En las jácaras de Quevedo se acepta la maldad de la condición humana como motivo de desencanto para crear lo grotesco, y se entrega todo ello al regocijo del público, pues fue tema triunfante donde los hubo, hasta llegó a ser adorno de la comedia nueva. ¡Cuántas consideraciones podrían seguirse sobre esa situación! Me apresuro a señalar que las jácaras de Quevedo resultan ser el subgénero peor estudiado del poeta, hasta el punto que se cuentan con los dedos de la mano las escasas referencias críticas que hayan ensayado explicar la razón del género y de su triunfo.
Ribera, "Ticio" |
La razón final estriba en el conjunto de circunstancias que también llevaron al españoleto a pintar sus furias con esos escorzos sangrientos e inauditos y a aceptar lo violento como artístico. Aceptar el mal como motivo de inspiración. La verdad es que no resulta difícil aceptar la aparición del mal en todo tipo de representaciones, pues siempre fue razón de moralistas y propagandista que emplearon esos temas para mover a piedad, repulsión, escándalo, etc. Basta con recordar el papel de las religiones –en el mundo occidental– en derivar de escenas de la pasión de Cristo conclusiones piadosas; y en el propio siglo XVI-XVII cómo aquello se acentuó hasta la exageración, por la tarea de los jesuitas por ejemplo. Nótese, sin embargo, que lo que triunfa en estos casos no es el arte, la habilidad, la técnica, etc. sino la transmisión de contenidos.
Ribera y Quevedo se conocieron, sin duda, en Nápoles –recuérdense los cuadros de la Colegiata de Osuna, sobre los que ya he sospechado alguna vez que se pudo encargar de llevarlos Quevedo en su viaje de vuelta a Madrid. La estética del mal es tan vieja como la condición humana, desde luego, y cuando se retraza su historia se suelen citar autores clásicos de todas las épocas y culturas; pero lo cierto es que hay travesías históricas en las que se detecta ese engrosamiento de los temas del mal. Apresurémonos a señalar, como primera explicación, que no es que se haya acrecentado el mal y que sea ello lo que produce la satisfacción del creador y del espectador; que lo que se ha acrecentado es la capacidad del artista para representar las mil formas del mal (el dolor, la violencia, lo monstruoso, etc.) y convertirla en objeto de admiración. Y que lo que se ha desarrollado es la sensibilidad del espectador artístico para admirar esa capacidad del artista; dicho con simpleza obvia: el lector de las novelas policiacas no es un asesino escondido que se regodea en el crimen, sino un lector culto que sabe distinguir las cualidades del relato. Por algo algo tan simple como eso –que sin embargo recientemente causó un curioso escándalo novelesco en nuestro país– podemos saber que el espectador actual culto ha aprendido a situar la creación artística en su justo lugar.

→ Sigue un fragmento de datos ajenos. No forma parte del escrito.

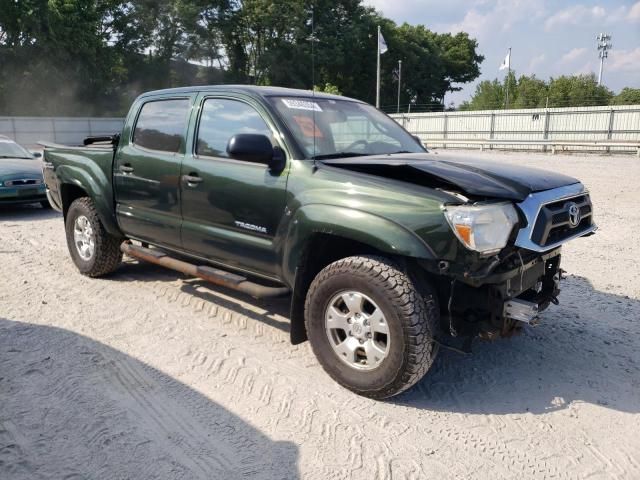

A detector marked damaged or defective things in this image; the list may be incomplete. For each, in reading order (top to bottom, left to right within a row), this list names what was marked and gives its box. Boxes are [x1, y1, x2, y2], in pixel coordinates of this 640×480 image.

crumpled hood [0, 159, 42, 180]
crumpled hood [322, 152, 576, 201]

El comentarista de hoy se sitúa en una posición sumamente confortable, con los datos históricos a vista de pájaro, para construir capas de significados y variedad de perspectivas que enriquecen las obras artísticas que nos han llegado. De ese modo se construye la crítica en torno al Quiijote, se reedifica el camino que lleva a los cuartetos de Bartok o se señalan significados alegóricos en las furias y titanes de Ribera. Son temas que se seguirán pensando; pero hubiera debido insinuarse que las furias del Prado no tienen tan solo una significación política alegórica.